In this tagged union implementation, an identifier like AST_NUMBER is mentioned three times:

C does not have a built-in concept of a tagged union, so there are many ways to implement it. You could name the enum and the union types, for example, and define them separately. Or, you could use an anonymous union or struct (standard since C11). You can decide not to wrap a single member into a struct, like in the case of int number. However, the design chosen here has some advantages that we will discuss further.

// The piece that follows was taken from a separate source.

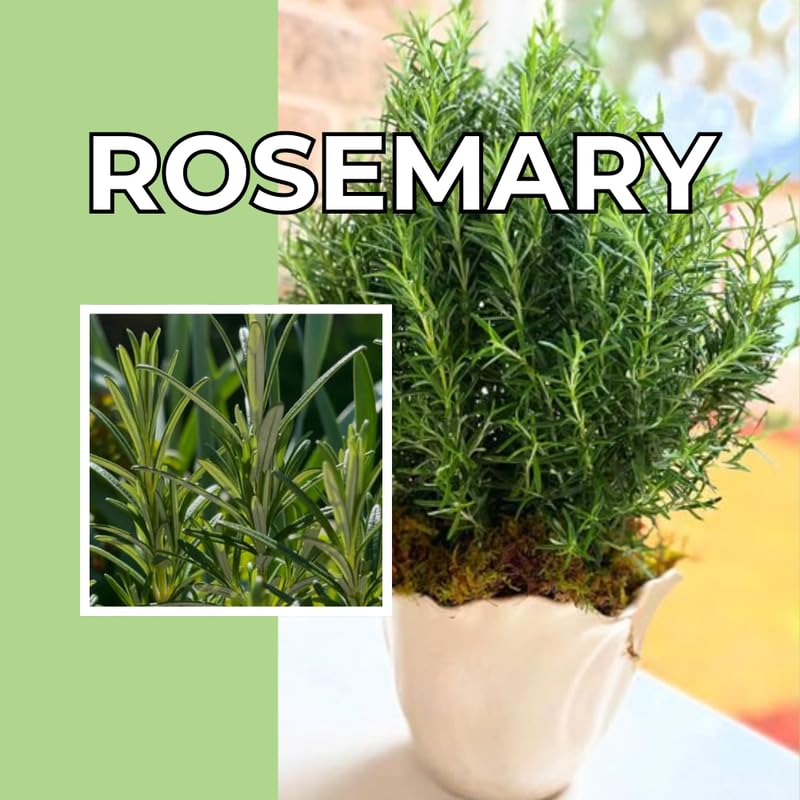Set of 3 Blue Rosemary Plants Live, 4-8" Tall Fragrant Rosemary Herb Plant for Outdoor Garden and Containers, Well-Rooted Plants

With AST defined this way, our original example (4 + 2 * 10 + 3 * (5 + 1)) has the following layout in memory.

AST *ast_new(AST ast) {
  AST *ptr = malloc(sizeof(AST));
  if (ptr) *ptr = ast;
  return ptr;
}

  AST *term_ = ast_new((AST){
    AST_ADD, 
    {
      .AST_ADD=(struct AST_ADD){
        ast_new((AST){
          AST_NUMBER, 
          {.AST_NUMBER=(struct AST_NUMBER){5}}
        }),
        ast_new((AST){
          AST_NUMBER, 
          {.AST_NUMBER=(struct AST_NUMBER){1}}}
        ),
      }
    }
  });

This is just C being C, isn’t it? There is no local type inference, so we must cast each struct to the correct type. We also have to use designated initializers (like .AST_ADD=) because that’s the only way to initialize an arbitrary union in a single expression.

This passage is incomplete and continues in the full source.